The sixth-year coach knows what he is talking about. One just needs to recall three seasons ago, when the Mountaineers overcame a sixth-place smallbore finish and stormed back to win their nation-best 14th national title with a first place, 2353 air rifle showing.
As the three-time defending Great American Rifle Conference (GARC) champion Mountaineers prepare to shoot for their 15th title at this weekend’s national championships, held March 9-10, at Ohio State’s Converse Hall and French Field House, in Columbus, Ohio, relying on past experience will be a mixed bag, as only one of the three upperclassmen on the squad’s counting team – senior Michael Kulbacki – was a part of that national-title squad.
While Hammond believes Kulbacki’s in-match experience may come in to play if the Mountaineers again fall victim to an early deficit, he cautions that the squad will not spend much time dwelling on the past.
“It’s something that may come up, depending on the situations, but it’s almost something that we want to stay away from,” he explained. “Mike has valuable experience and knows how we approached that day and how it worked for us. It is definitely something to think about, but like we always say, this weekend is a brand new match with new possibilities.”
Kulbacki is just one-fifth of the Mountaineer squad shooting for the title this weekend. In addition to his past experience, WVU also will depend on the leadership of senior Justin Pentz and junior Petra Zublasing. Both members of the Mountaineer team that finished three shots short of the 2011 title, Pentz and Zublasing, the 2012 GARC Shooter of the Year, have paced the team all season, sporting 1183.2 and 1164.9 aggregate score averages, respectively.

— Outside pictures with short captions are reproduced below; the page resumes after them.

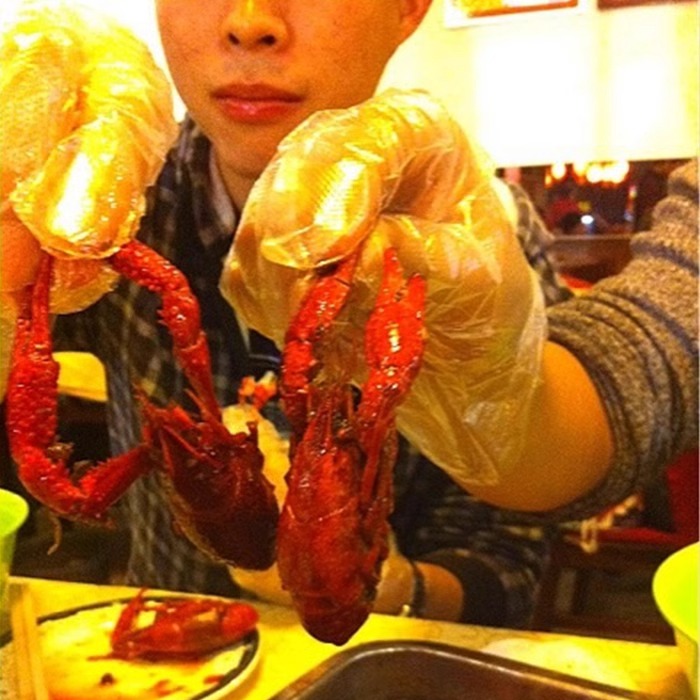 北京胡大小龙虾胡大饭馆簋街总店麻辣小龙虾蒜蓉小龙虾保质期7天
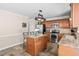 Well-equipped kitchen with stainless steel appliances, island, and ample cabinet space at 3169 Diana Cir, Burlington, NC 27215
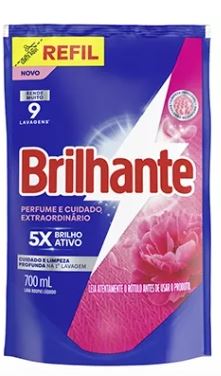 LAVA ROUPAS LIQUIDO BRILHANTE 700ML PERFUME EXTRAORDINARIO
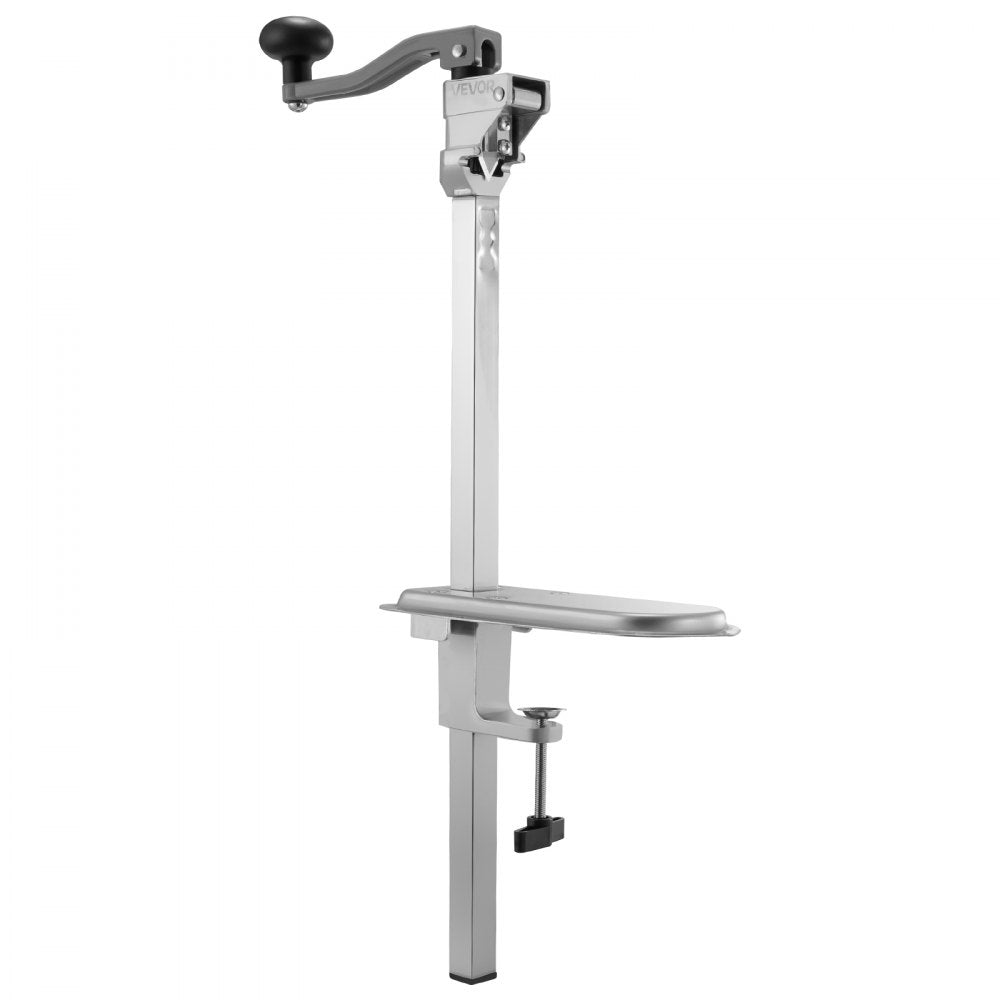 Commercial Can Opener, Heavy-Duty Manual Tabletop Cans Opener for Cans Up to 300 mm Height, Height-Adjustable Can Openers Fixed with Screws & Table Clamp, for Restaurant, Hotel, and Food Store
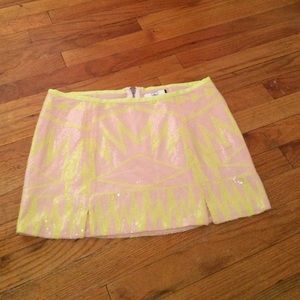 Mini sequin skirt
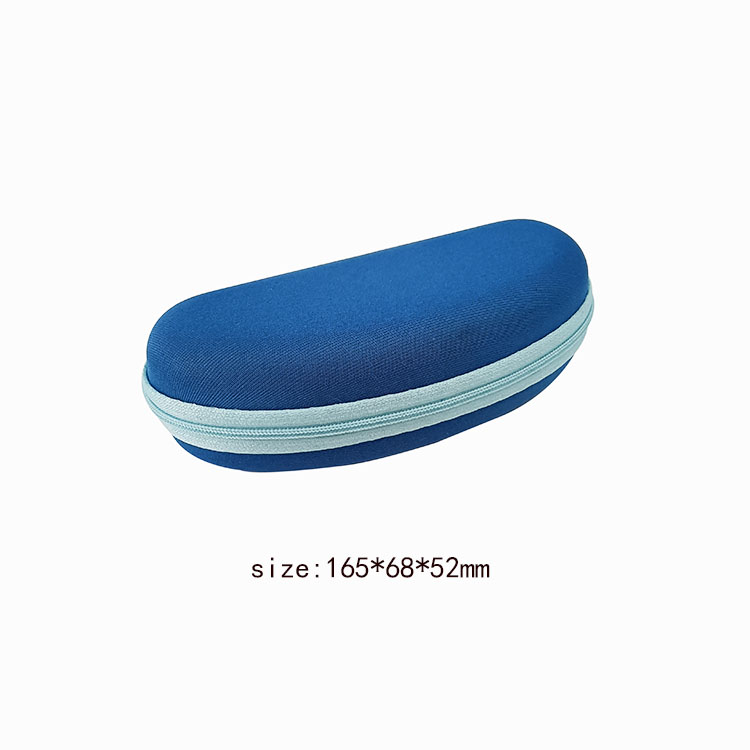 Portable Sunglasses Packaging Case Zipper Eyeglass Case Anti Pressure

Zublasing has been the cornerstone of the Mountaineers’ success this season. The 2011 air rifle national runner-up secured the GARC air rifle and aggregate score titles two weeks ago and enters this weekend’s championships as one of the favorites in both guns.
Hammond believes the adversity the Appiano, Italy, native faced at the conference championships, specifically during a low-scoring smallbore relay, should help her this weekend.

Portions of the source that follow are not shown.